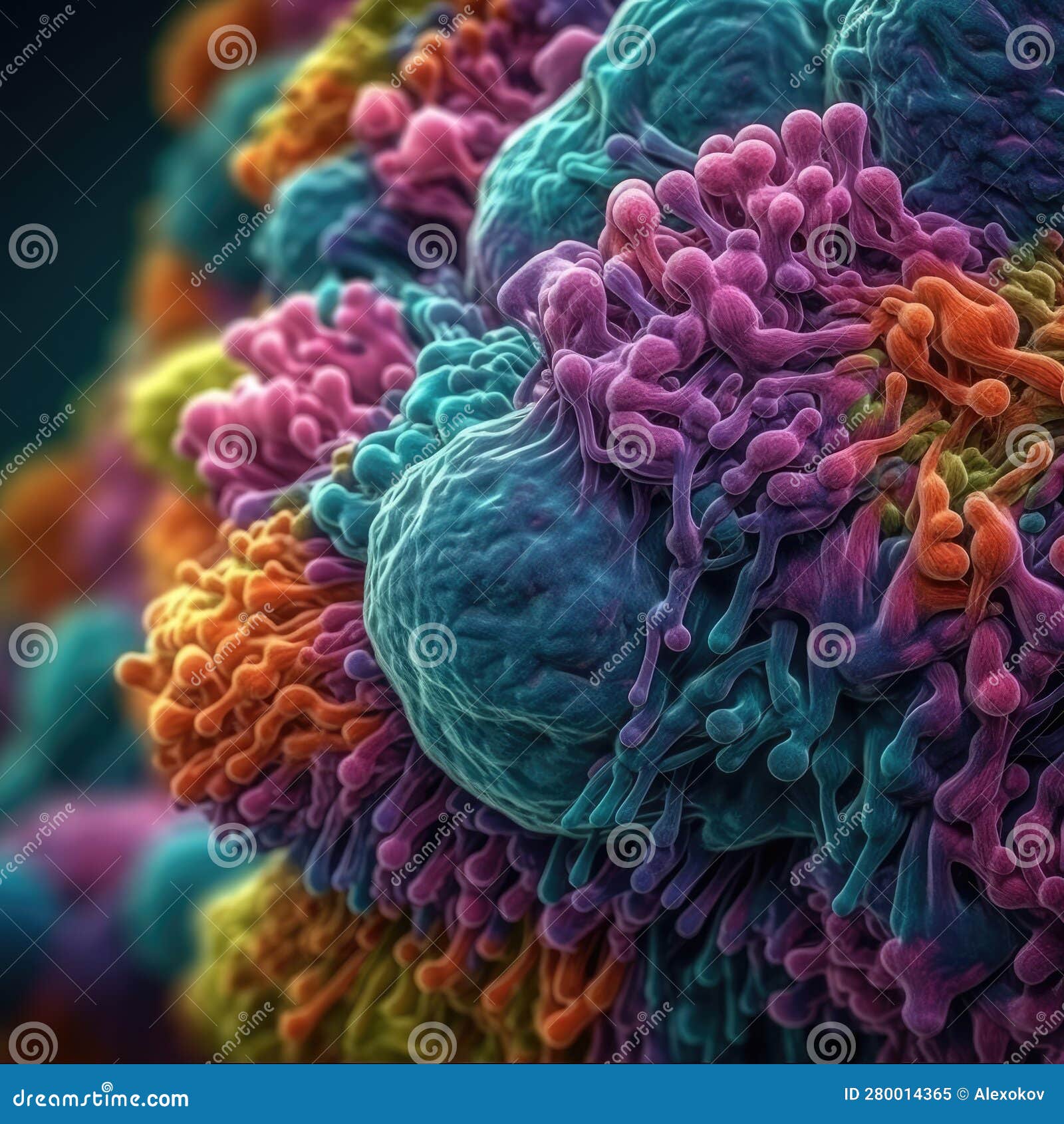 vivid colors of ribosomes synthesizing proteins in 4k electron microscope view. ideal for educational materials.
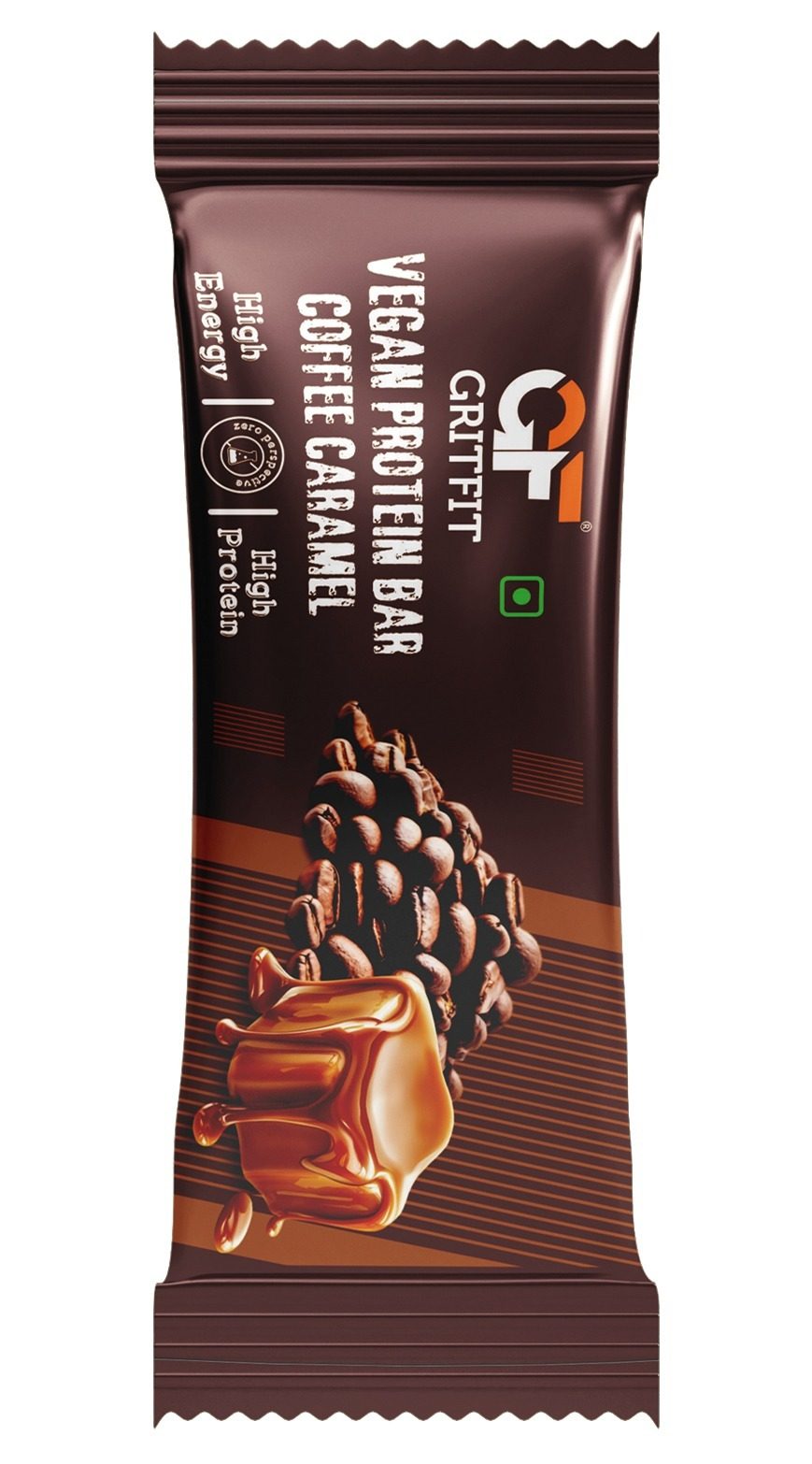 GritFit Vitamin and Mineral Protein bars 60gm with 21 gm protein - Coffee Caramel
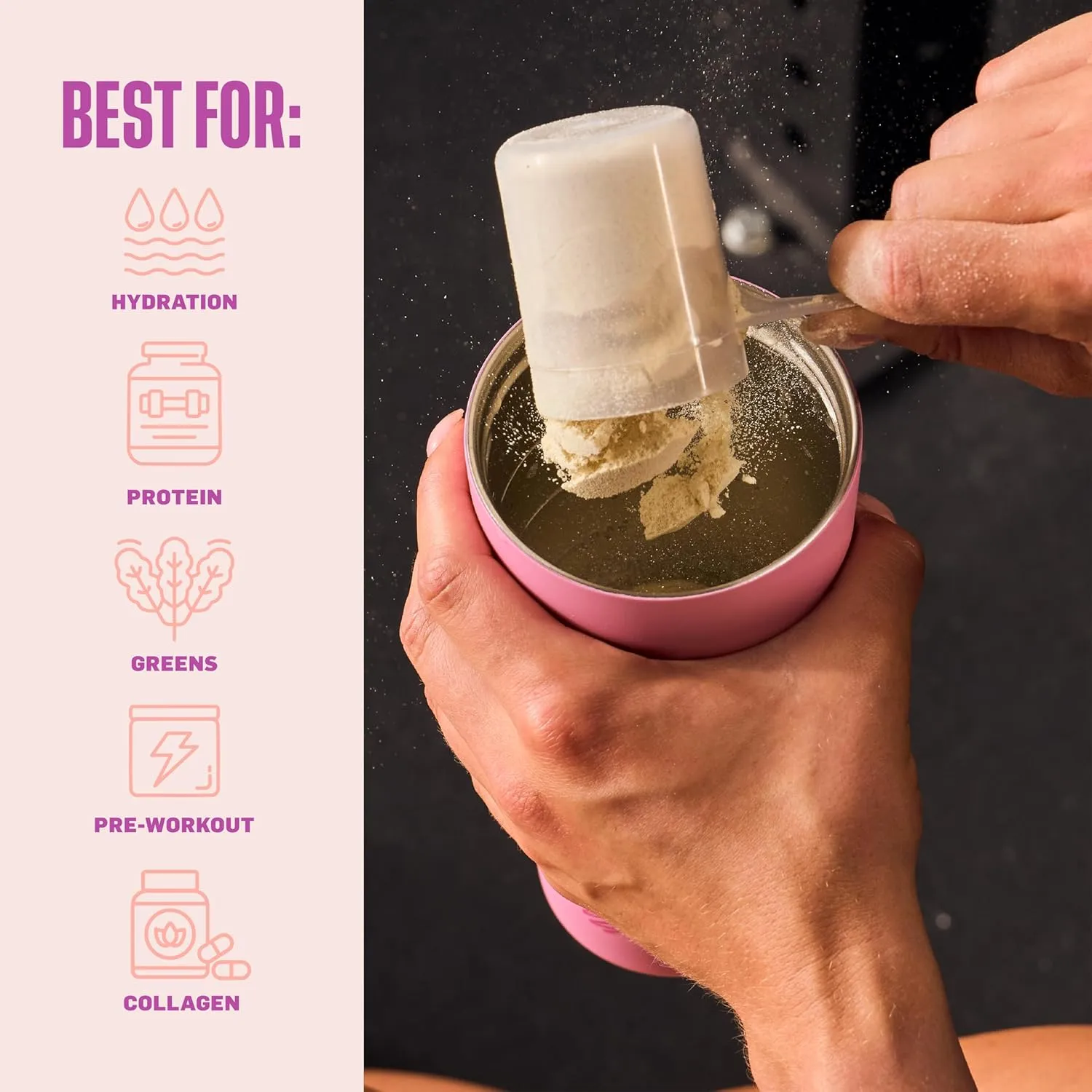 BlenderBottle 2-in-1 Insulated Stainless Steel Shaker Tumbler, Swig Leakproof Lid, Straw, BlenderBall, BPA Free, For Protein Shakes, Smoothies, And Pre Workout, 24 oz, Pink (Rose Petal)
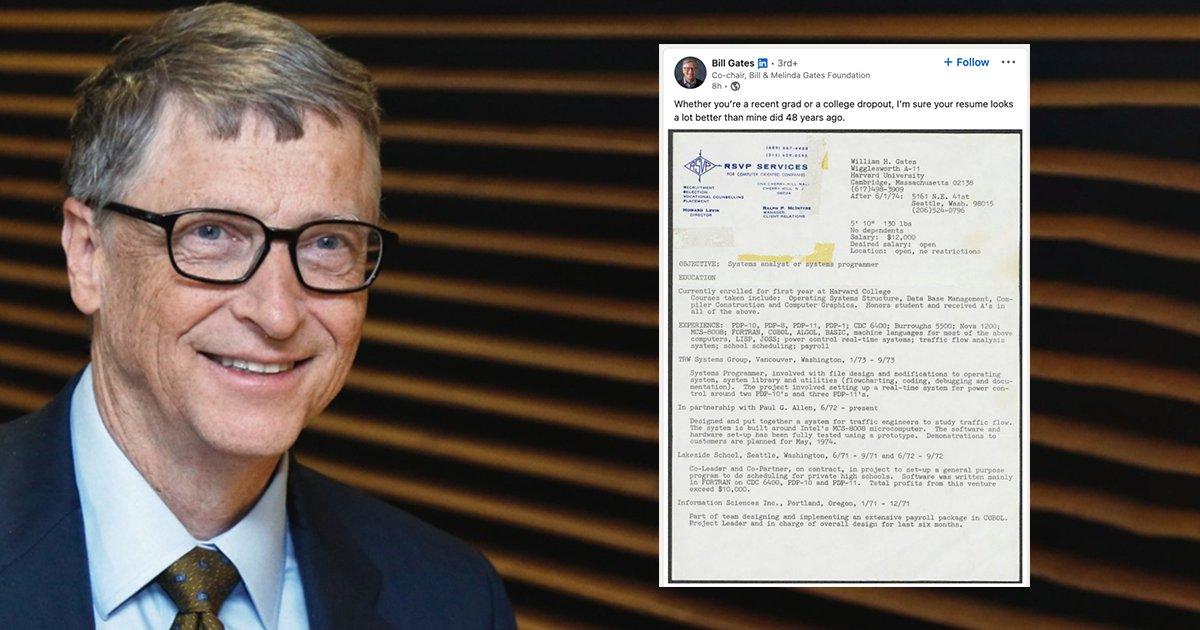 बिल गेट्स का 48 साला पुराना Resume हुआ Viral, सैलरी-जॉब देखकर लोग कर रहे हैं मज़ेदार कमेंट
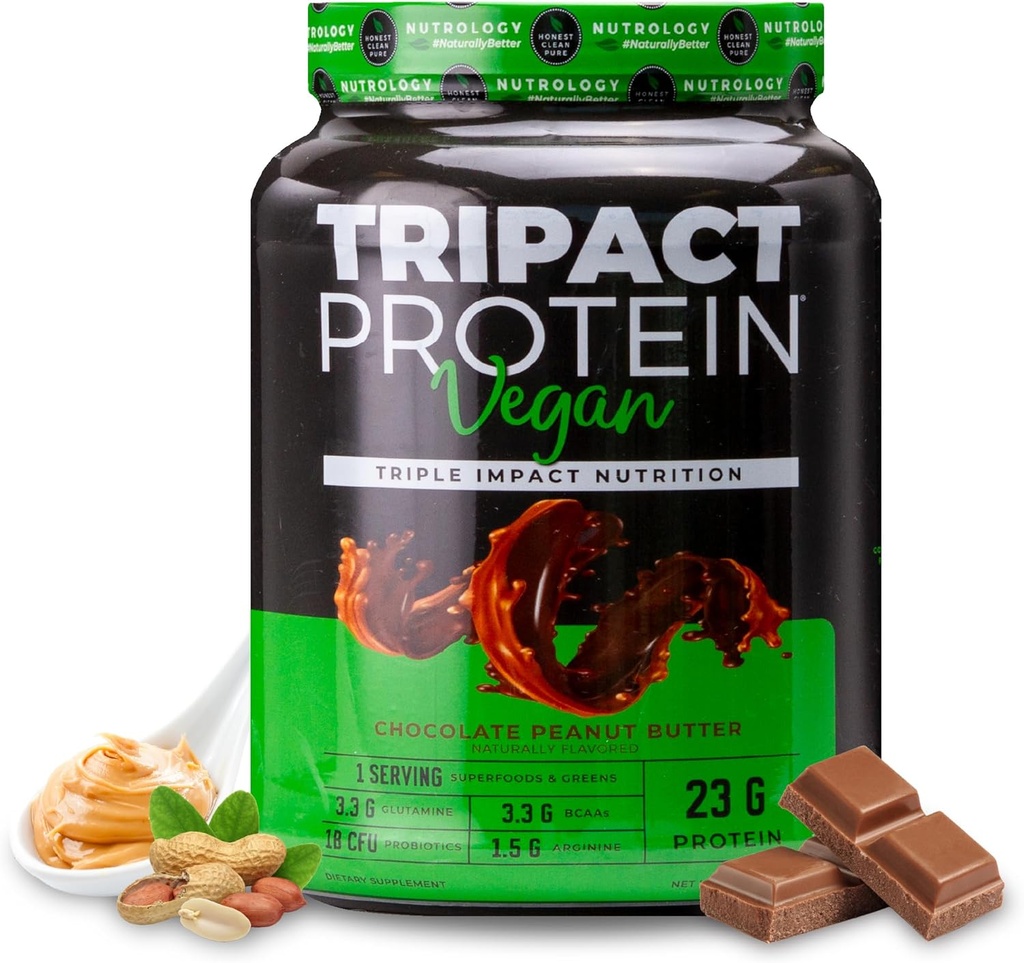 Nutrology TRIPACT Vegan Protein Powder - Organic Pea, Rice & Pumpkin Protein, BCAAs & Glutamine Plant-Based Meal Replacement Shakes for Muscle Recovery & Immunity, Chocolate Peanut Butter, 20 Servings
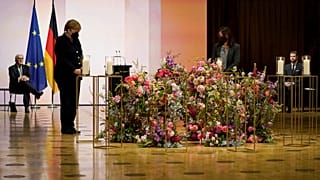 German President Frank-Walter Steinmeier, German Chancellor Angela Merkel attend a ceremony for Germany's victims of the coronavirus pandemic in Berlin.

→ **Task**:
Every line of the listing is to be retyped exactly; pictures stay out.

→ **Reply**:
 vivid colors of ribosomes synthesizing proteins in 4k electron microscope view. ideal for educational materials.
 GritFit Vitamin and Mineral Protein bars 60gm with 21 gm protein - Coffee Caramel
 BlenderBottle 2-in-1 Insulated Stainless Steel Shaker Tumbler, Swig Leakproof Lid, Straw, BlenderBall, BPA Free, For Protein Shakes, Smoothies, And Pre Workout, 24 oz, Pink (Rose Petal)
 बिल गेट्स का 48 साला पुराना Resume हुआ Viral, सैलरी-जॉब देखकर लोग कर रहे हैं मज़ेदार कमेंट
 Nutrology TRIPACT Vegan Protein Powder - Organic Pea, Rice & Pumpkin Protein, BCAAs & Glutamine Plant-Based Meal Replacement Shakes for Muscle Recovery & Immunity, Chocolate Peanut Butter, 20 Servings
 German President Frank-Walter Steinmeier, German Chancellor Angela Merkel attend a ceremony for Germany's victims of the coronavirus pandemic in Berlin.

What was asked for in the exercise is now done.